Business Standard

Canara Bank close to takeover of Amanath

Amanath Cooperative Bank was started in January 1977, with 3,000 members

Raghuvir Badrinath Bangalore
Canara Bank, the Bangalore-based public sector lender, is in the final lap of taking over Amanath Co-operative Bank, with the Karnataka government all set to issue a gazette notification soon. With this process a formality now, the NPA-loaded history of Amanath Bank will come to end in the true banking sense and will be an entity focused only on recovering the Rs 165 crore of outstanding loans.

Amanath Cooperative Bank was started in January 1977, with 3,000 members. The RBI conferred the scheduled status on Amanath Bank effective January 2000 and included it in the second schedule to the Reserve Bank of India Act, 1934. The bank over the past few years had been grappling with unwieldy NPAs and during mid 2013, the RBI had to step in to freeze its operations, leading to a cascading effect on its small-time depositors.
 

Canara Bank will be taking a minor hit on this merger given the context that capital has completely eroded and the public-sector lender will have to service the Rs 396 crore worth of deposits from around 200,000 depositors. Senior officials of Canara Bank indicated to Business Standard that there is an ongoing judicial process at the Karnataka High Court, the next hearing of which is expected during early March, 2014. "Pending that, we will not be able to spell out the process on how the integration will happen," the officials said.

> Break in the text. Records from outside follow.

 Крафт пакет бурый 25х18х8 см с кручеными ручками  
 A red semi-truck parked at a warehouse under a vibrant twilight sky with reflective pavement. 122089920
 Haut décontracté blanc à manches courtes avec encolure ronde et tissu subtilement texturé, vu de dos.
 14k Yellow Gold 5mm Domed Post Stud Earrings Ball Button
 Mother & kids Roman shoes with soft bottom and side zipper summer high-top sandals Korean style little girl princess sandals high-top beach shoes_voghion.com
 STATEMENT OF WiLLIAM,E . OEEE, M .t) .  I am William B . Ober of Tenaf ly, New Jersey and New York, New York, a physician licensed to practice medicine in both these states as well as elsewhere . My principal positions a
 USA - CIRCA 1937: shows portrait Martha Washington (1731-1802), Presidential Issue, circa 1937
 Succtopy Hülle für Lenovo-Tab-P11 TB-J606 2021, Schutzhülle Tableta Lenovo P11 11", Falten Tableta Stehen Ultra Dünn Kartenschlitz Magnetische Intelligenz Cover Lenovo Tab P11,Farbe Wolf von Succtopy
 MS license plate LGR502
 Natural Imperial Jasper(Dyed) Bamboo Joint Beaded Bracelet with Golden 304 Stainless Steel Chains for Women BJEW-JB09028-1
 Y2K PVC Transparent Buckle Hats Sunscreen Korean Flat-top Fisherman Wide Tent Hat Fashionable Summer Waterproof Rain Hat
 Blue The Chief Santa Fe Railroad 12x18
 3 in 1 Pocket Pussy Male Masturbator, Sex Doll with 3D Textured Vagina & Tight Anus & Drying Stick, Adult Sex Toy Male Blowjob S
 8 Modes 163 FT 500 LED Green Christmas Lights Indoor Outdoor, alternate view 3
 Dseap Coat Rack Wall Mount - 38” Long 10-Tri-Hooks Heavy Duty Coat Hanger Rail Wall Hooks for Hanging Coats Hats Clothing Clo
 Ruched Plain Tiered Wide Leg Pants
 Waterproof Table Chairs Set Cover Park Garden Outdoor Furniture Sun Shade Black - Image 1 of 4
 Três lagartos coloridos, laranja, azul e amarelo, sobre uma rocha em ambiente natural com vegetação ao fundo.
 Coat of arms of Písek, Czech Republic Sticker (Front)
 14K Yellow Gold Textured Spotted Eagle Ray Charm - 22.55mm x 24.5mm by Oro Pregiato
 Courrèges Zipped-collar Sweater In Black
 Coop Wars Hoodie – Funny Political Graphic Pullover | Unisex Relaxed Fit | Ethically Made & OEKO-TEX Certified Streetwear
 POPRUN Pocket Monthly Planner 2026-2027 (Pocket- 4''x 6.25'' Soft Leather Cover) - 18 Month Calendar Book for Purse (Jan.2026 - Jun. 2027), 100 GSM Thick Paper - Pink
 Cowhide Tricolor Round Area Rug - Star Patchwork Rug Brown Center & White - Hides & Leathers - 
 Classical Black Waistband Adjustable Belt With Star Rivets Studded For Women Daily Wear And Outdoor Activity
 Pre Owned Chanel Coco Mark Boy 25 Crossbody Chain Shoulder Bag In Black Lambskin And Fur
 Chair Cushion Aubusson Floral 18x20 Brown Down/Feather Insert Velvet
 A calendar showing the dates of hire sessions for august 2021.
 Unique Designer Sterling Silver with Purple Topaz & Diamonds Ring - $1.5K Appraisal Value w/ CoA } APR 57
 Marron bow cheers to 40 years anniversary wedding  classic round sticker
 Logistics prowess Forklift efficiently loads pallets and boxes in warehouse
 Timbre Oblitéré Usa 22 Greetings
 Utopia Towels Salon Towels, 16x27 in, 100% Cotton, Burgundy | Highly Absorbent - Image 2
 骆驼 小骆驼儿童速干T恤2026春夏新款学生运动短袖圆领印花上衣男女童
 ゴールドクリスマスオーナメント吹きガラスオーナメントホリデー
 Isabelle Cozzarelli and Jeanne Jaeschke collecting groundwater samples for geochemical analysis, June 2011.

It is understood that Canara Bank is looking at how to leverage the depositors' base to take its financial inclusion model further given the context that Amanath has 15 branches in various districts of Karnataka. "These will be rebranded as Canara Bank branches and will give us a decent foothold to expand our presence," a senior official of Canara Bank said.

According to information available, Canara Bank will start the KYC process on the depositors of Amanath Bank, post the Gazette notification and will also take on its books, fixed assets worth Rs 38 crore from Amanath Bank. The public-sector lender will also examine how it will able to absorb the 300-odd employees of Amanath Bank across its banking network.